** Opening Data extracts block **
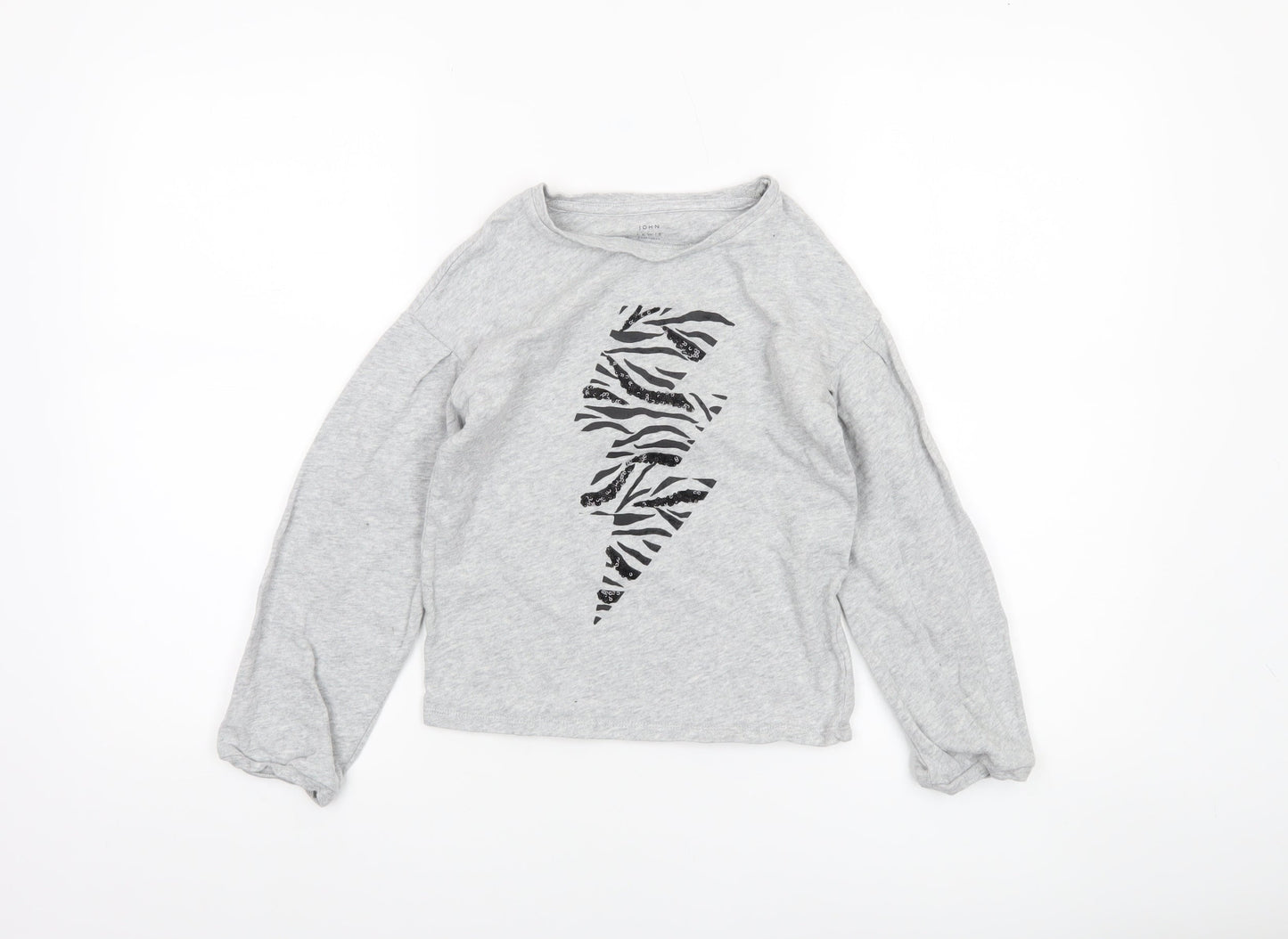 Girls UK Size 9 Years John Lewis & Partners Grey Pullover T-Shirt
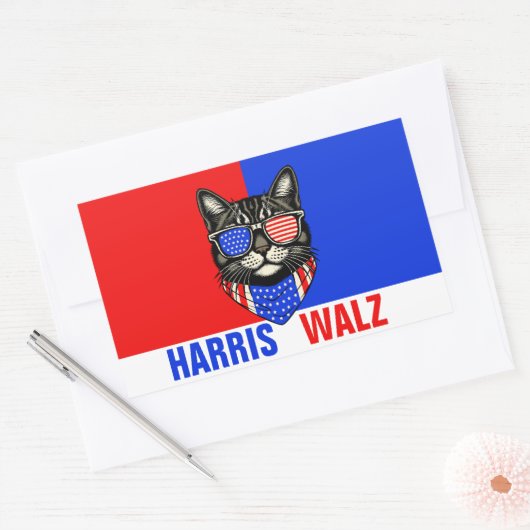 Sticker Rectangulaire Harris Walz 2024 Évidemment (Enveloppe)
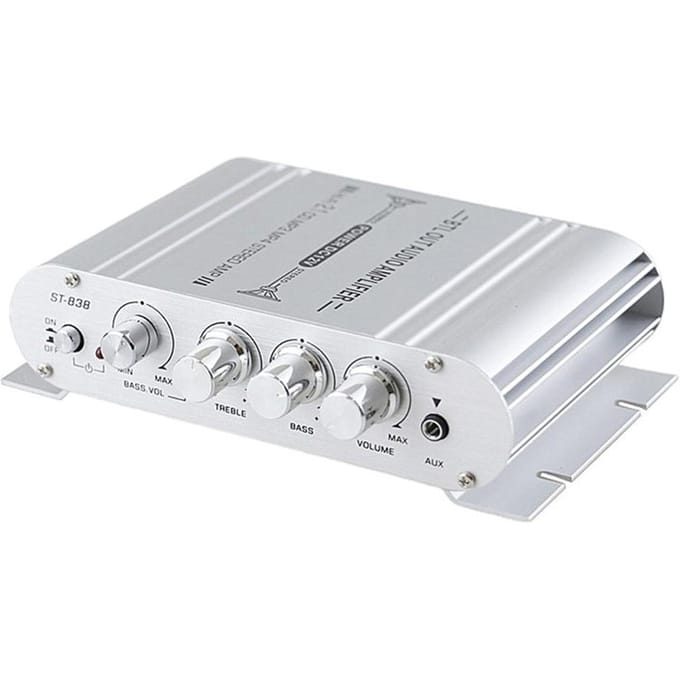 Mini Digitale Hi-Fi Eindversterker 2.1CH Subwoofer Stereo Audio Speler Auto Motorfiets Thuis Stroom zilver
** Closing Data extracts block **
** Opening Data extracts block **
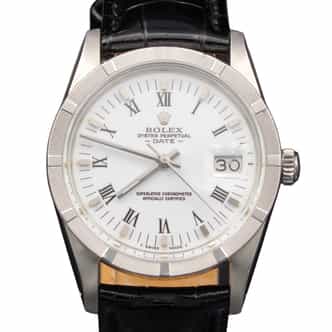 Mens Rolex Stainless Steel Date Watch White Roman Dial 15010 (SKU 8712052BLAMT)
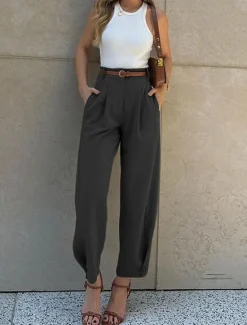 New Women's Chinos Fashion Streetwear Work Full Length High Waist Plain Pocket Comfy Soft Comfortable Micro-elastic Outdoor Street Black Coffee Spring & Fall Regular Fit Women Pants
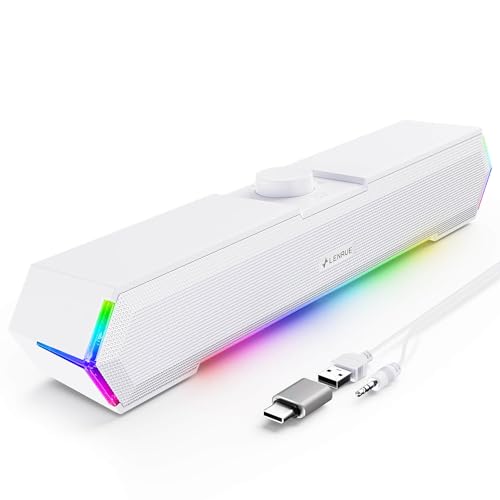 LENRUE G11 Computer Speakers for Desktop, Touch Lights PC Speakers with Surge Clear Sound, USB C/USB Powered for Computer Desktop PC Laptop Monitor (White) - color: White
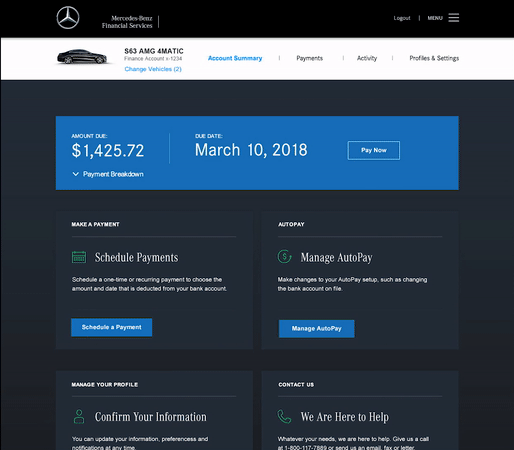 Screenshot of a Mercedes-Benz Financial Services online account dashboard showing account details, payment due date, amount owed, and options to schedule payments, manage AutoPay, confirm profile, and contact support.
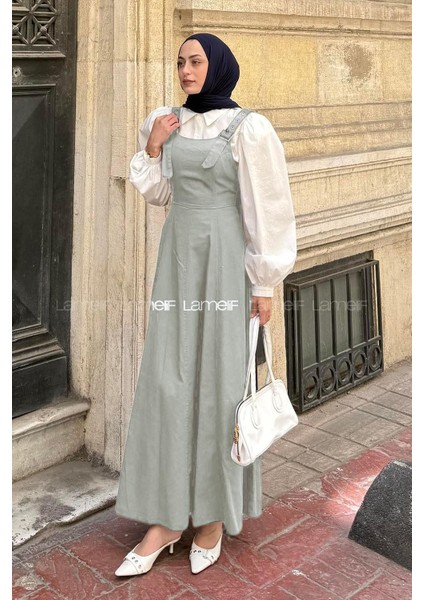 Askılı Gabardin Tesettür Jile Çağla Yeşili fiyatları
** Closing Data extracts block **
Requirement: Output exactly the stretch of the listing that begins at the line containing "New Women's Chinos" and ends at the line containing "LENRUE G11 Computer", both kept. Omit pictures and everything else.

Task solution:
 New Women's Chinos Fashion Streetwear Work Full Length High Waist Plain Pocket Comfy Soft Comfortable Micro-elastic Outdoor Street Black Coffee Spring & Fall Regular Fit Women Pants
 LENRUE G11 Computer Speakers for Desktop, Touch Lights PC Speakers with Surge Clear Sound, USB C/USB Powered for Computer Desktop PC Laptop Monitor (White) - color: White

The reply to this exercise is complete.